Setelah lima detik hening, pemeran utama wanita adalah orang pertama yang mengalihkan pandangannya.Tunggu, apakah dia selalu seseram itu...?Bahkan Choi Yeon-jun, yang telah meremehkan Yeoju, merasa sedikit gentar.



Jadi, keesokan harinya, lusa, dan bahkan setelah seminggu berlalu, Yeoju dan Choi Yeonjun bahkan tidak berpura-pura saling mengenal.



Sudah 10 hari mereka saling mengabaikan. Kali ini, pemeran utama wanita yang berbicara duluan.



Mari kita bicara.



Choi Yeon-jun mengangguk seolah terhipnotis, meskipun dia merasa gugup.



Setelah semua pelajaran usai dan anak-anak meninggalkan sekolah, Choi Yeon-jun pergi ke ruang guru Yeoju.



Permisi... Apakah Nona Seo Yeo-ju ada di sini...?



Yeoju menatap tajam Choi Yeonjun, yang memanggilnya "Guru Seo Yeoju" untuk pertama kalinya, lalu tiba-tiba berdiri.



"Oh, benar!!! Kita seharusnya membicarakan ini!!!"



” … Kamu tidak lupa, ”



"Ahaha... Kamu tidak lupa, kan...!!"

Saya berencana menemui Bapak Choi Yeon-jun terlebih dahulu, tetapi

Saya hanya terkejut Anda datang lebih dulu.



Cih,



"Hah, apa kau sadar tawa itu sangat tidak menyenangkan?"
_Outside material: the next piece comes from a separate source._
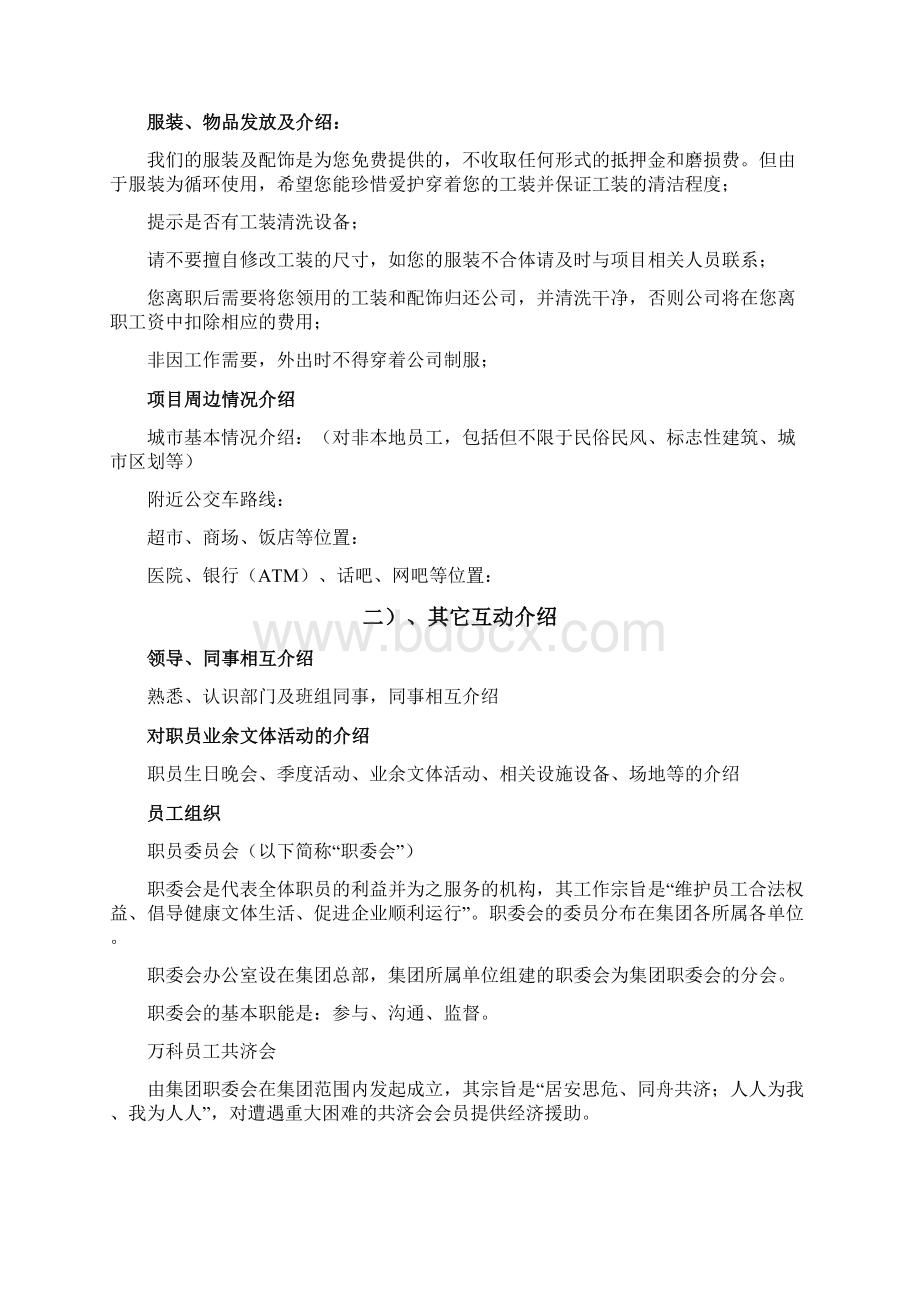 万科新职员入职引导手册Word文件下载.docx_第3页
Sungguh ..!! Mengapa guru selalu…!! ”



Aku tidak bermaksud menyinggungmu.



"Lagi... lagi!! Sudah kubilang jangan bicara sembarangan!!"



Mereka benar-benar tidak mendengarkan sama sekali. Saya tidak tahu ada guru yang lebih tidak patuh daripada murid-muridnya.Yeoju mengutuk Choi Yeonjun dengan sangat keras dalam hati.



Jadi, apa yang ingin Anda sampaikan?



“Sungguh tidak tahu malu…?? Astaga!!!!”



Oh tidak, aku salah ucap. Pemeran utama wanita tanpa sengaja mengucapkan apa yang ingin dia katakan pada dirinya sendiri.



“Hmm... Apakah aku tidak tahu malu? Haha.”



"O-eh? Aku tidak akan mengatakan bahwa aku tidak tahu malu... kurasa..."



Jadi, apakah kamu tidak menyukaiku?



"Apa?!?! Alur cerita macam apa ini!!!"



“Tidak—kenapa? Haha. Apa kau bertanya apakah aku tidak menyukaimu?”



“Ada apa sebenarnya dengannya…!!”



“Hah? Kamu bicara secara informal? Kamu mengabaikan formalitas?”



"Ah, aku sedang berbicara sendiri!!!"



Tidak apa-apa. Guru Yeoju, apakah Anda tidak menyukai saya?

Ada banyak orang di sekelilingku yang menempel padaku dan mengatakan mereka menyukaiku.